Under the modification, certain goods of Thailand that are entered for consumption or withdrawn from warehouse for consumption on or after April 25, 2020, are no longer eligible for GSP claims.
Included in the list of nearly 600 goods are many food items including fish, vegetables and food additives; as well as building materials, clothing and shoes, and household items, amongst many more.
DDTC Announces Reduced Fees Due to Pandemic
The Directorate of Defence Trade Control (DDTC) has announced it will be reducing registration fees for new registrants and registration renewals. As published on the DDTC website – “Given the extraordinary impact of the COVID-19 pandemic on the national economy and Defence Industrial Base, the Directorate of Defence Trade Controls (DDTC) is temporarily reducing registration fees for DDTC registrants in Tier I and Tier II to $500 for registrations whose original expiration date is between May 31, 2020 and April 30, 2021.
Also, DDTC is reducing registration fees to $500 for new applicants who submit their registration application between May 1, 2020 and April 30, 2021. This will allow new registrants and existing registrants in Tiers I and II, many of which are small and medium-sized enterprises, to receive a reduced registration fee over the course of the coming year. The fee structure for Tier III entities remains unchanged at this time.

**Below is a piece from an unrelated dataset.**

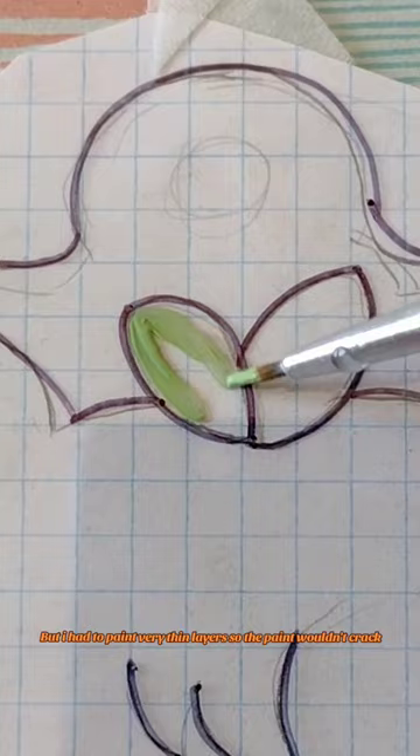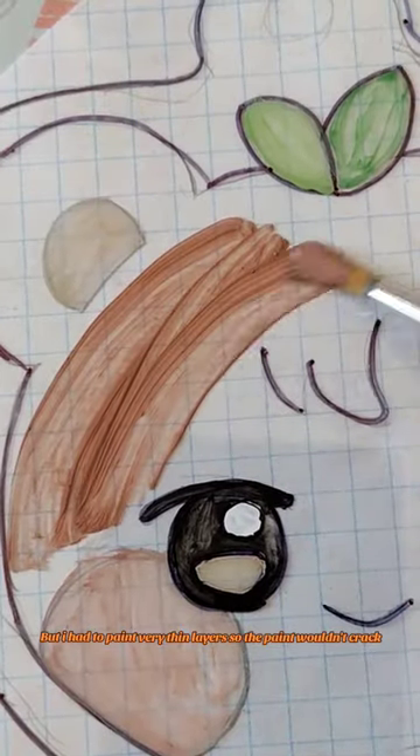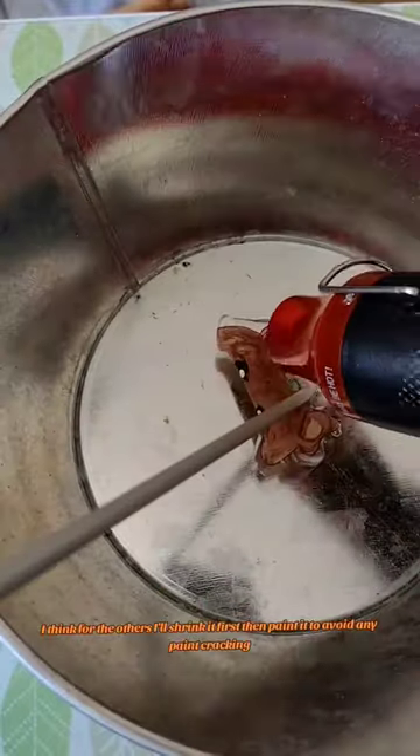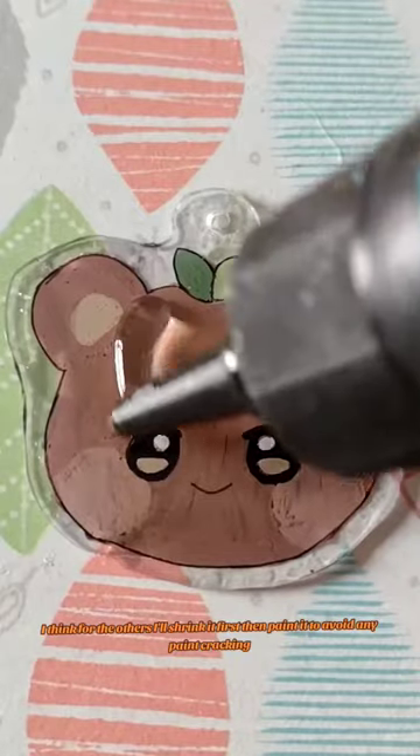I had to paint very thin layers so the paint wouldn't crack. I think for the others, I'll shrink it first and then paint it to avoid any paint cracking.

We anticipate that this temporary reduction in fees for Tier I, Tier II, and new registrants will save regulated industry over $20 million over the course of the coming year. This temporary reduction in fees shall apply only through April 30, 2021, at which time fees for entities in Tiers I and II will return to the rates that were in effect on April 1, 2020 unless otherwise extended by a subsequent notice in the Federal Register.”
The Arms Export Control Act requires that all manufacturers, exporters, temporary importers, and brokers of defence articles (including technical data) as defined on the United States Munitions List (ITAR part 121) and furnishers of defence services are required to register with DDTC.
It is primarily a means to provide the U.S. Government with necessary information on who is involved in certain ITAR controlled activities and does not confer any export or temporary import rights or privileges.
Registration is generally a precondition for the issuance of any license or other approval and use of certain exemption.